Gemini-Powered AI Agents Learn Real-World Skills in Virtual Worlds

Gemini-Powered AI Agents Learn Real-World Skills in Virtual Worlds

Photo by Omer Unlu on Pexels

Google DeepMind is advancing the development of versatile AI agents by using its Gemini model to train them in diverse virtual environments. The latest agent, SIMA 2, showcases enhanced navigation and problem-solving capabilities across a variety of 3D simulated worlds, paving the way for more adaptable AI in robotics and real-world applications.

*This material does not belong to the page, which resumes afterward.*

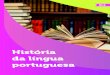 História da Língua Portuguesacm-kls-content.s3.amazonaws.com/201601/INTERATIVAS... · então a estudar como e onde se originou a Língua Portuguesa. Na Unidade 3, verá sobre as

Building on the foundation of the original SIMA, the integration of Gemini significantly amplifies SIMA 2’s capabilities. Researchers highlight its ability to tackle complex tasks, independently generate solutions, and engage in interactive conversations with users. Through repeated practice and learning from mistakes, SIMA 2 continually refines its skillset.

Unlike game-specific AI like AlphaZero and AlphaStar, which were trained for fixed objectives, SIMA learns open-ended gameplay based on human instructions. Users can interact with SIMA 2 through text, voice commands, or visual annotations, enabling the agent to analyze the game’s visual data frame by frame and determine the appropriate actions to achieve the assigned task.

The training process for SIMA 2 involved analyzing footage of human gameplay across eight commercial video games, including titles like No Man’s Sky and Goat Simulator 3, alongside specifically designed virtual environments. The connection with Gemini has led to improvements in instruction following, proactive questioning, and autonomous problem-solving.

While SIMA 2 still faces challenges in handling intricate, multi-stage tasks and retaining information over extended periods, Google DeepMind plans to further refine its capabilities within a simulated “endless virtual training dojo.” This environment will leverage their world model, Genie 3, with Gemini providing feedback to guide the learning process.